Na cabeça dela, as cenas de horas atrás se repetiam; não a abandonavam jamais. Chuva e neve juntas, o pai morrendo sobre seus ombros, as facas cravadas nas costas dele, a invasão a casa, os gritos de dor da mãe quando os invasores lhe arrancavam o braço, as chamas que devoravam o casebre em segundos, os últimos instantes com a irmã, Sasha, que ela tanto amava, escuridão e, por fim, aniquilação completa de tudo que circundava o humilde lar dos Makagawa; apenas ela, Beni, sobrevivera.

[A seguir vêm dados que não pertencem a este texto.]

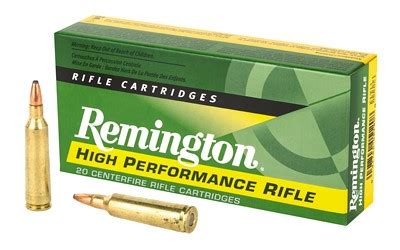 Remington High Performance Rifle 22-250 Remington 55 Grain PSP 20 Round ...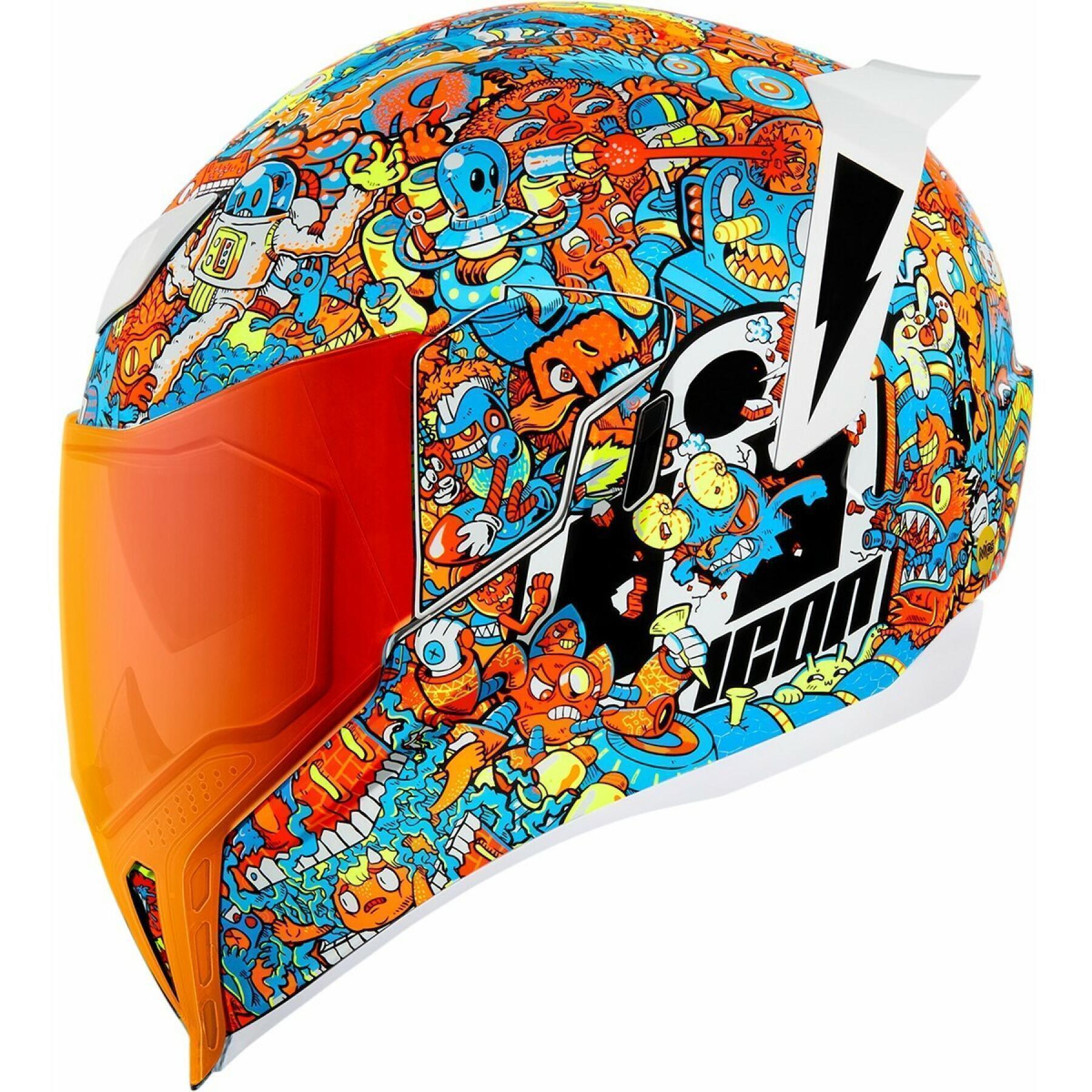 Full face motorcycle helmet Icon Airflite Mips Redoodl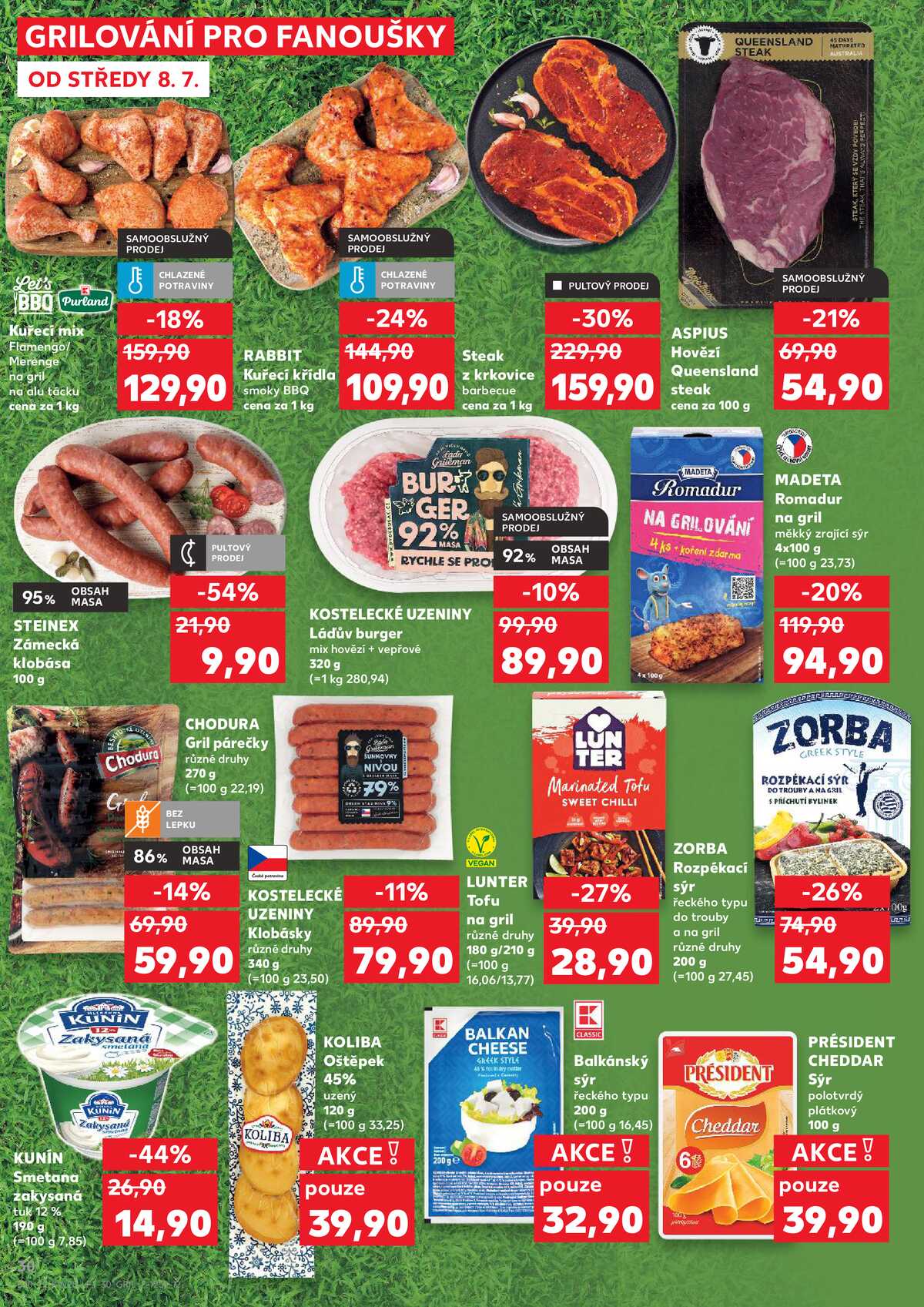 Kaufland 8.7. - 14.7. - Kaufland - Brno - Židenice strana 30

“Por que eu... por que eu não morro de uma vez?” pensava a menina enquanto cerrava os pequenos punhos, mumificados em ataduras, sobre a neve.

“É tudo o que eu quero agora... eu só quero morrer, só isso. Mamãe, papai, Sasha-neesan. Eu estou com saudades... sinto tanta... saudade”. A voz engasgada e sôfrega da menina era quase inaudível.

Permaneceu deitada sobre a neve. Além de assustada, Beni sentia outra coisa além de medo e amargura: ódio. Ódio contra os assassinos de sua família, ódio Nagare e seus habitantes.

E tal sentimento de ódio que lhe deu razões para viver; razões para desejar a vingança.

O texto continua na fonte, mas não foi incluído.